In deze zaak heeft de Raad van State op 9 augustus 2006 uitspraak gedaan over een last onder dwangsom die op 6 september 2005 aan appellante was opgelegd door het college van burgemeester en wethouders van Maasdriel. De last was opgelegd wegens het overtreden van de voorschriften 2.3, 2.4 en 8.1.1 van de vergunning die aan appellante was verleend krachtens de Wet milieubeheer. De last vereiste dat appellante vóór 1 november 2005 de aanvoer, opslag en be- en verwerking van compost in de buitenlucht zou beëindigen. Appellante had bezwaar gemaakt tegen deze last en het college had op 24 januari 2006, verzonden op 2 februari 2006, het bezwaar slechts gedeeltelijk gegrond verklaard door de begunstigingstermijn te verlengen tot 1 mei 2006.

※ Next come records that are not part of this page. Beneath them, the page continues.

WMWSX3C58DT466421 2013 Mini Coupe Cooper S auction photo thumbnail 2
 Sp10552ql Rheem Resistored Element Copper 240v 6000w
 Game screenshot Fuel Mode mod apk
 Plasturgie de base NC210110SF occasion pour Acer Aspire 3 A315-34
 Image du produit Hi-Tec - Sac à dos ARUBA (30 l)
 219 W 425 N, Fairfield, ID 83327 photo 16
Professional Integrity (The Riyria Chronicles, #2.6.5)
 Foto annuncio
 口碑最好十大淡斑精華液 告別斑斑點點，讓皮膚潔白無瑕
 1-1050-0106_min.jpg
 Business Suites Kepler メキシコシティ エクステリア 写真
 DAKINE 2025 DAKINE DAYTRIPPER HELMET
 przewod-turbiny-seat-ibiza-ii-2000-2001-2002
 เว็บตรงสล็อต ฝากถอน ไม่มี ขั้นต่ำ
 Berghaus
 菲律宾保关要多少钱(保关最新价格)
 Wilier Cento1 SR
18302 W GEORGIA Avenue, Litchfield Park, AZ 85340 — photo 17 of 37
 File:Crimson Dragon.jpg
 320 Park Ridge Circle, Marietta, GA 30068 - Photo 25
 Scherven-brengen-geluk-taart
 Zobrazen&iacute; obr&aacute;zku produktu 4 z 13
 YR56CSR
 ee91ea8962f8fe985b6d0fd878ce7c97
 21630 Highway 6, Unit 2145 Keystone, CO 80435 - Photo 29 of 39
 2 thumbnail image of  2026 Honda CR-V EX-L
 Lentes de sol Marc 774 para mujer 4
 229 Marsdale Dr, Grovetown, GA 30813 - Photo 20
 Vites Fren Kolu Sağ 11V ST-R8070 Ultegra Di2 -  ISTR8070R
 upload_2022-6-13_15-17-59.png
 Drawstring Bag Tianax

Appellante heeft beroep ingesteld tegen dit besluit, stellende dat de gestelde begunstigingstermijn te kort was. Zij voerde aan dat de bouw van de ontvangsthal, die noodzakelijk was om aan de voorschriften te voldoen, vertraging had opgelopen door slechte weersomstandigheden. De Raad van State heeft de zaak behandeld op 29 juni 2006, waarbij appellante en vertegenwoordigers van verweerder aanwezig waren. De Afdeling bestuursrechtspraak overwoog dat de datum van 1 mei 2006 door appellante zelf was aangedragen en dat verweerder in redelijkheid deze datum had kunnen hanteren. De Afdeling concludeerde dat er geen grond was om te oordelen dat de termijn te kort was en dat de ontvangsthal op 1 mei 2006 zodanig gerealiseerd was dat aan de voorschriften kon worden voldaan.
Het beroep van appellante werd ongegrond verklaard, en er werd geen aanleiding gezien voor een proceskostenveroordeling. De uitspraak werd gedaan in naam der Koningin.